The students agreed that Euripides’ The Bacchae was an important work to read, even though it depressed them mightily. In humans’ attempts to control nature they recognized the sickness, described by the seer Teiresias, that possesses King Pentheus in his battle with Dionysus:
For you are sick,
possessed by madness so perverse, no drug can cure,
no madness can undo
And further on, this time from the chorus of Bacchae:
What fury, what venomous fury
rages in Pentheus,
the earthborn and earthbound,
spawned by the sperm of the snake!
No man,
but a monster caged up in a man,
leaping through eyes of blood
to strike at the kill,
a vicious dwarf with giant dreams
pitting his strength against the Gods.
Less melodramatic but making a similar point is Sir Gawain and the Green Knight. Nature has identified a disturbing arrogance in the court of Camelot, which advocates a world-denying version of Christianity. The Green Knight’s elaborate set of trials for Gawain are designed to demonstrate that he cares more for this world and for his life than he admits—and that this care is a positive thing, not an infirmity.
Shakespeare revels in young love in Midsummer Night’s Dream, but the natural flow of feelings threatens a power-obsessed older generation, which invokes “the ancient Athenian law” to prevent it. Because Shakespeare’s play is a comedy rather than a Euripidean tragedy, it ends with nature and society reconciling, but not before the mischievous nature sprite Puck has humbled the humans.
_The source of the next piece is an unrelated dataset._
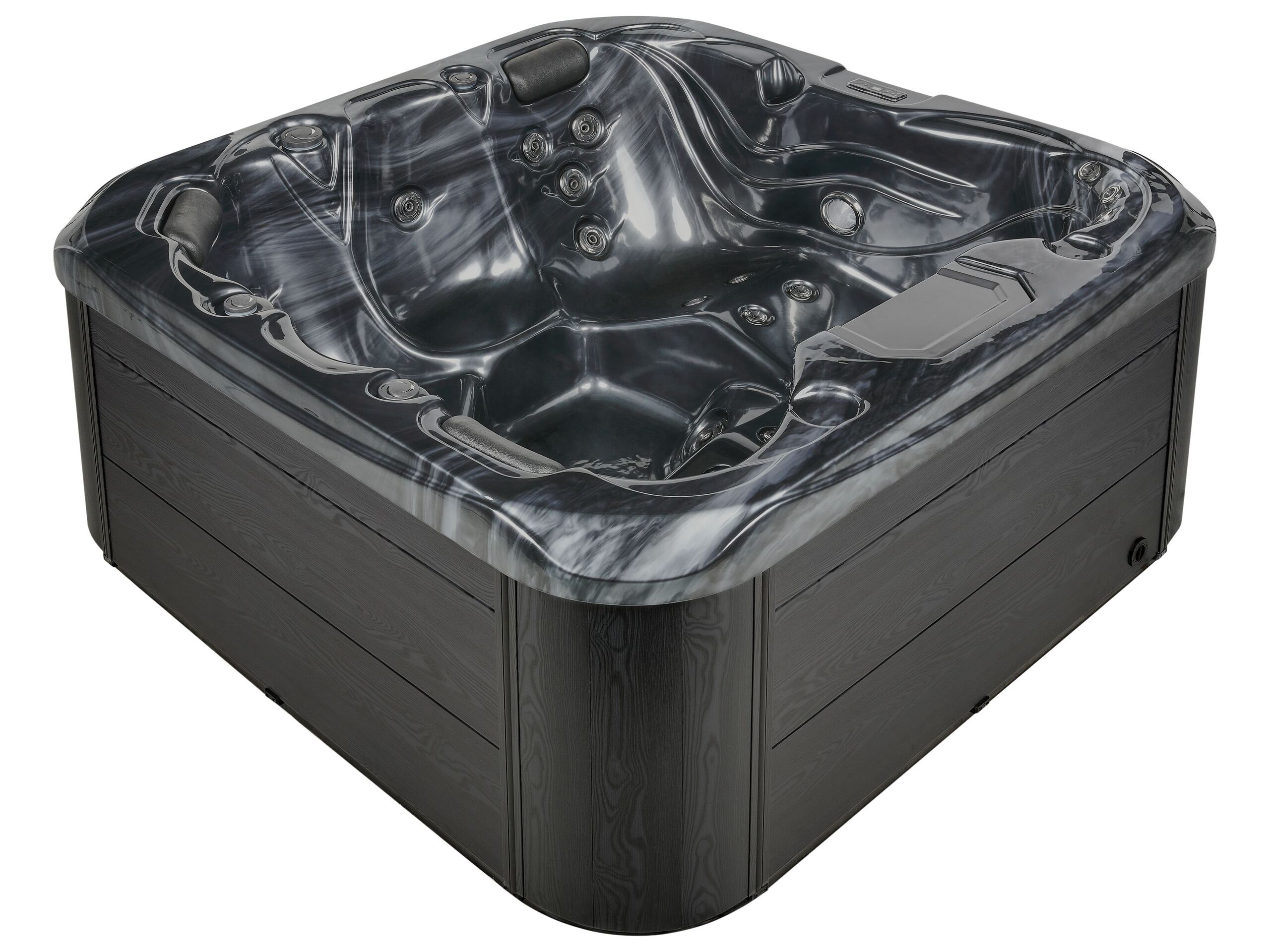 Square Hot Tub with LED Grey LASTARRIA - Gemini Interiors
Spiritual malaise becomes an explicit theme in the Romantics. “The world is too much with us,” Wordsworth laments and talks about what we have sacrificed in order to achieve material possessions. “We have given our hearts away, a sordid boon,” he writes.
I received a fascinating essay on Wordsworth from an inner city student who talked of the powerful experience he had when he participated in a special program where students from his high school were taken to the country. He saw his experience mirrored in Wordsworth’s lyrics. For him, the world that was too much with him involved a great deal of fighting, often over things as trivial as tennis shoes. (“Getting and spending we lay waste our powers.”) At times he too felt that he wandered lonely as a cloud.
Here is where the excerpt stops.